This court has jurisdiction to review a decision of the Court of Veterans Appeals with respect to both the validity of any statute or regulation and any interpretation thereof that the Court of Veterans Appeals relied upon in its decision. 38 U.S.C.A. § 7292(a) (West 1991). Our jurisdiction does not extend to challenges either to factual determinations or to the law as applied to the facts of a particular case. 38 U.S.C.A. § 7292(d)(2) (West 1991). The government appeals the decision of the Court of Veterans Appeals on the grounds that it is based on invalid interpretations of 38 U.S.C.A. § 1155 (West 1991) (formerly § 355) and ¶ 50.13(b). The government is correct because the award to Fugere is necessarily based on the conclusion that ¶ 50.13(b) does not violate § 1155. Therefore, we have jurisdiction over this appeal.

The Secretary, however, questions the Court of Veterans Appeals' exercise of jurisdiction as violative of 38 U.S.C.A. § 7252(b) (West 1991), which prohibits "review [of] the schedule of ratings for disabilities adopted under section 1155 of this title or any action of the Secretary in adopting or revising that schedule." The Secretary contends that if ¶ 50.13(b) is a part of the "schedule of ratings . . . or [an] action of the Secretary in adopting or revising that schedule," then the Court of Veterans Appeals was without jurisdiction to hear Fugere's appeal. But the Secretary misconceives the import of § 7252(b).

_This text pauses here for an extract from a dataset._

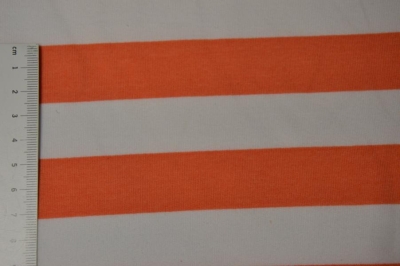 French Terry | Preppy Stripe Ringel | aprikot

While the government did not raise this jurisdictional challenge until its reply brief, challenges to subject matter jurisdiction are appropriate at any stage. Phillips v. General Servs. Admin., 924 F.2d 1577, 1579 (Fed. Cir. 1991) ("A jurisdictional matter can be raised at any stage of a judicial proceeding by any party or by the court on its own motion.").

Although the government has requested in its briefs that this court reverse the Court of Veterans Appeals, if the government's premise is correct, we must vacate the Court of Veterans Appeals' decision rather than reverse.

We need not decide, for purposes of jurisdiction, whether ¶ 50.13(b) is a part of the "schedule of ratings" since the Court of Veterans Appeals did not review ¶ 50.13(b) or its application, but merely the procedure by which it was repealed. Given the express mandate of § 7261 that the Court of Veterans Appeals is to set aside an action of the Secretary in violation of procedures required by law, it is plain that § 7252(b) only prohibits review of the substance of the Secretary's action with respect to the schedule of ratings. The Court of Veterans Appeals may not second guess the Secretary as to what the schedule should contain. In the present case, neither party contends that the Secretary could not repeal ¶ 50.13(b). Both parties, in fact, agree that the Secretary has broad powers to promulgate rules and regulations with respect to the disability rating schedule. What the Court of Veterans Appeals reviewed was the manner in which the Secretary repealed ¶ 50.13(b). Therefore, we hold that § 7252(b) did not deprive the Court of Veterans Appeals of jurisdiction.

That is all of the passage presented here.